Rob Henderson phoned to ask if he and his family could come see his father being moved from the cooling box to the cryostat. He drove from New York with his wife and two children, arriving in time for the move on Friday, July 3rd. Robert Ettinger drove to the facility from his nearby home so that he could meet with the family — giving Rob a chance to meet his namesake.
Rob Henderson asked to get a close, identifying look at Curtis. Rob seemed very apologetic in asking for this — reassuring us that he did not distrust us — but saying that he had promised Curtis that he would make sure that Curtis got into liquid nitrogen. We were not offended by the request, of course, but I was surprised that Curtis would feel the need for this kind of reassurance. In the past I have heard of requests for little windows on the cryostats so that the patient's faces could be seen. Only recently a lawyer told one of our Members that lack of ability to validate that patients are in liquid nitrogen — with periodic spot-checking and identification — rather than technology is the greatest obstacle to cryonics being more widely accepted by the public.
|Rob looks at Curtis||Curtis' Grandson gets close|
As patient family members have done in the past, Rob stood on a step-ladder and looked at his father in the cooling box. We had warned Rob that Curtis' face would be somewhat dehydrated. Rob looked at his father long enough to satisfy himself that it was Curtis. Rob's wife had no desire to look.
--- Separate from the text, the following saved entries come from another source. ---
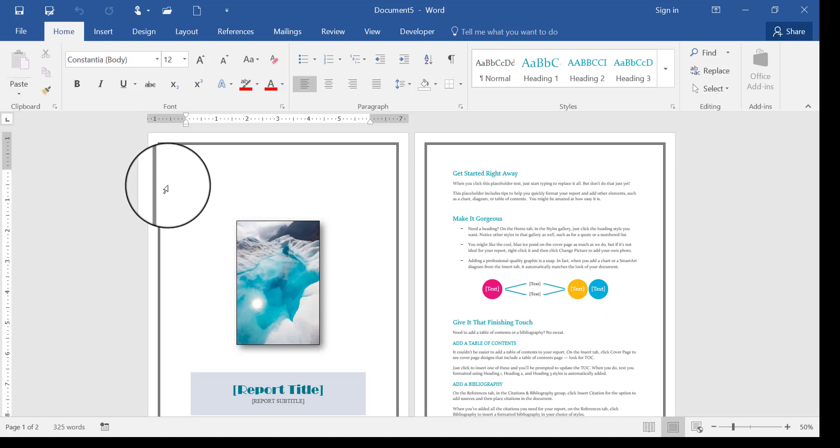All you've got to do is design your template, save it as a Word template file, don't change the location, and that's all you have to do.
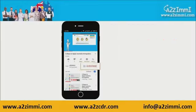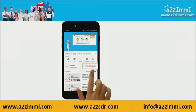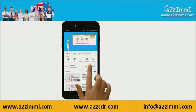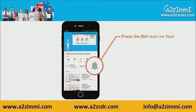To get recent updates and new videos on our channel, click on the subscribe button. Don't forget to click on the bell icon to get the latest video notifications.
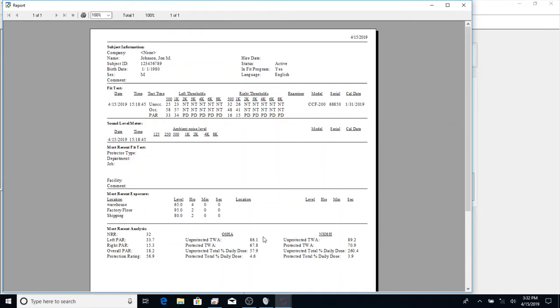If we go to the right, we can see the OSHA and NIOSH values. This lets you know what percentage of noise the worker has been exposed to, given their exposures and the protection rating.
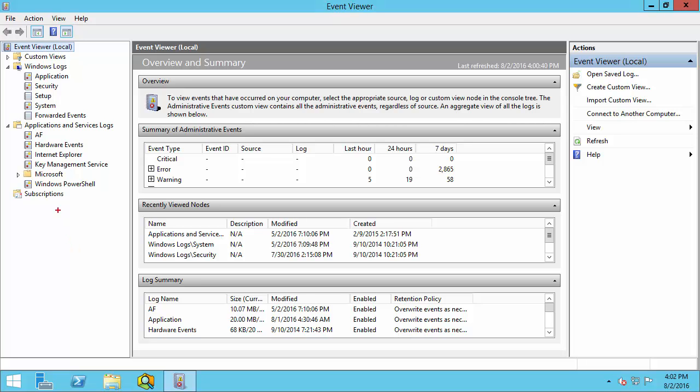Of course, we'll want to collect the AF log since it will contain the last messages posted by the PI AF Server before it crashed. But we'll also want to collect the application log and the system log, since these will contain more information about the application's crash and also what else was happening on the system when the issue occurred.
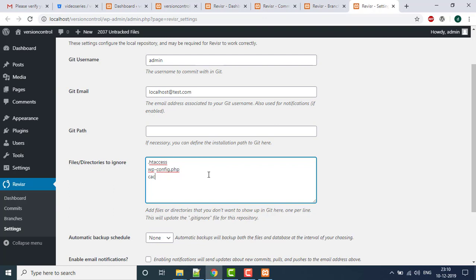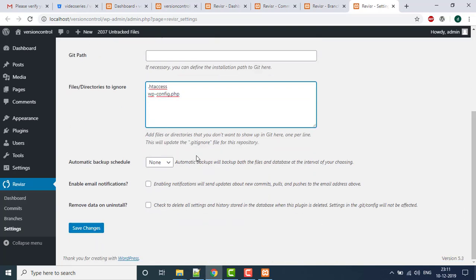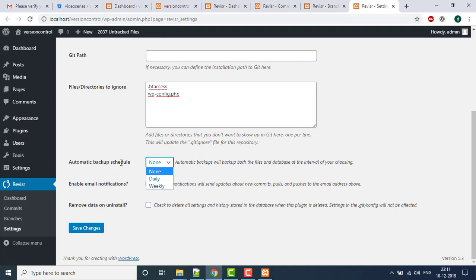In the general settings you can set a Git username and email, optionally define the Git path, and specify files you want Git to ignore. For example, you can ignore the cache folder — WordPress users will know what the cache folder does. You can also ignore files like .htaccess and the config file. Additionally, there is an option for automatic backup scheduling — daily or weekly — and options to enable email notifications and remove data on uninstall.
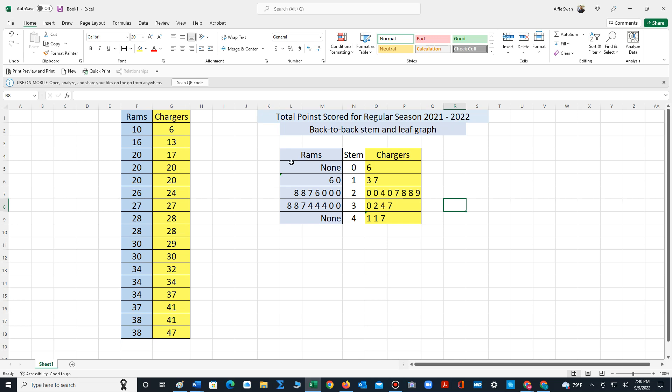When we have data on the right side, we write that data in ascending order. Data on the left side is in descending order. Once the stem and leaf plot is constructed, you can compare the data sets to see if there's any patterns you can recognize. Thanks for watching the video. I hope this helps you.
Curtis was wrapped in a sleeping bag and removed from the cooling box. Andy's brother-in-law, Dave, poured liquid nitrogen on Curtis from a bucket while Andy tied and strapped Curtis to his backboard. Rob watched as Curtis was lowered into liquid nitrogen in a cryostat.
On their way home to their New York farm, Rob Henderson's family stopped at Niagara Falls for the Fourth of July.